DATA SHOWN:
= Beginning of Section =

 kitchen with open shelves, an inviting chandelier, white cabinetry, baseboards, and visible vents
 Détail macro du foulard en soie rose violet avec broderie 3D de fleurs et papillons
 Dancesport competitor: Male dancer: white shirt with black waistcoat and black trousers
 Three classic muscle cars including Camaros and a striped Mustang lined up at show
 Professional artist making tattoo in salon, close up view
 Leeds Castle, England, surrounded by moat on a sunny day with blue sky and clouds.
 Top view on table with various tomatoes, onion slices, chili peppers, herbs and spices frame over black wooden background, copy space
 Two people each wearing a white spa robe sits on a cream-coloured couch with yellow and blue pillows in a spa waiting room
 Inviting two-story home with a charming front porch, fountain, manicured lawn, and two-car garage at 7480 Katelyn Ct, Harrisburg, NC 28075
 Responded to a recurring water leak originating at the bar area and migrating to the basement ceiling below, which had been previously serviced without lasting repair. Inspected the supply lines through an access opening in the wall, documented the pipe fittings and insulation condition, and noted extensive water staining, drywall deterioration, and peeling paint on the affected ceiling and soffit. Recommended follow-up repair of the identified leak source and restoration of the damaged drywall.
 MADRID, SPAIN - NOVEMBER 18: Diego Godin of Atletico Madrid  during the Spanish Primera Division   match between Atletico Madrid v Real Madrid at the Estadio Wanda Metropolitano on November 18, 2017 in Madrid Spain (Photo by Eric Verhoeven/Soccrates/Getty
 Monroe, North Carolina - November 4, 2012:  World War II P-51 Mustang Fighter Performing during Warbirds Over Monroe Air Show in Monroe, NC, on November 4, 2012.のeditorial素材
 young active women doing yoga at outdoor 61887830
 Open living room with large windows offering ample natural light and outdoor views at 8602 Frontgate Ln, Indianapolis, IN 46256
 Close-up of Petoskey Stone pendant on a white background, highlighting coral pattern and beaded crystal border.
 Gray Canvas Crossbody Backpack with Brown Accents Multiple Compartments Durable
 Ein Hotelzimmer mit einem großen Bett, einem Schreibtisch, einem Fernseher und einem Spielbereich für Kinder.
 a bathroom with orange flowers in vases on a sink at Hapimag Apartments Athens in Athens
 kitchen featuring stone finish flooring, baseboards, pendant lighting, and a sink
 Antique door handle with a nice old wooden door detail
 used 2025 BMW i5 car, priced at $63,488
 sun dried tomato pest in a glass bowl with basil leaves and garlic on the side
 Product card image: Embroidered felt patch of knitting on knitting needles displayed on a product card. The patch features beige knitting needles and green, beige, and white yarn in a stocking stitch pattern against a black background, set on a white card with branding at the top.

= End of Section =

THE TASK: Copy the entries above exactly. Miss none of them.

YOUR SOLUTION:
 kitchen with open shelves, an inviting chandelier, white cabinetry, baseboards, and visible vents
 Détail macro du foulard en soie rose violet avec broderie 3D de fleurs et papillons
 Dancesport competitor: Male dancer: white shirt with black waistcoat and black trousers
 Three classic muscle cars including Camaros and a striped Mustang lined up at show
 Professional artist making tattoo in salon, close up view
 Leeds Castle, England, surrounded by moat on a sunny day with blue sky and clouds.
 Top view on table with various tomatoes, onion slices, chili peppers, herbs and spices frame over black wooden background, copy space
 Two people each wearing a white spa robe sits on a cream-coloured couch with yellow and blue pillows in a spa waiting room
 Inviting two-story home with a charming front porch, fountain, manicured lawn, and two-car garage at 7480 Katelyn Ct, Harrisburg, NC 28075
 Responded to a recurring water leak originating at the bar area and migrating to the basement ceiling below, which had been previously serviced without lasting repair. Inspected the supply lines through an access opening in the wall, documented the pipe fittings and insulation condition, and noted extensive water staining, drywall deterioration, and peeling paint on the affected ceiling and soffit. Recommended follow-up repair of the identified leak source and restoration of the damaged drywall.
 MADRID, SPAIN - NOVEMBER 18: Diego Godin of Atletico Madrid  during the Spanish Primera Division   match between Atletico Madrid v Real Madrid at the Estadio Wanda Metropolitano on November 18, 2017 in Madrid Spain (Photo by Eric Verhoeven/Soccrates/Getty
 Monroe, North Carolina - November 4, 2012:  World War II P-51 Mustang Fighter Performing during Warbirds Over Monroe Air Show in Monroe, NC, on November 4, 2012.のeditorial素材
 young active women doing yoga at outdoor 61887830
 Open living room with large windows offering ample natural light and outdoor views at 8602 Frontgate Ln, Indianapolis, IN 46256
 Close-up of Petoskey Stone pendant on a white background, highlighting coral pattern and beaded crystal border.
 Gray Canvas Crossbody Backpack with Brown Accents Multiple Compartments Durable
 Ein Hotelzimmer mit einem großen Bett, einem Schreibtisch, einem Fernseher und einem Spielbereich für Kinder.
 a bathroom with orange flowers in vases on a sink at Hapimag Apartments Athens in Athens
 kitchen featuring stone finish flooring, baseboards, pendant lighting, and a sink
 Antique door handle with a nice old wooden door detail
 used 2025 BMW i5 car, priced at $63,488
 sun dried tomato pest in a glass bowl with basil leaves and garlic on the side
 Product card image: Embroidered felt patch of knitting on knitting needles displayed on a product card. The patch features beige knitting needles and green, beige, and white yarn in a stocking stitch pattern against a black background, set on a white card with branding at the top.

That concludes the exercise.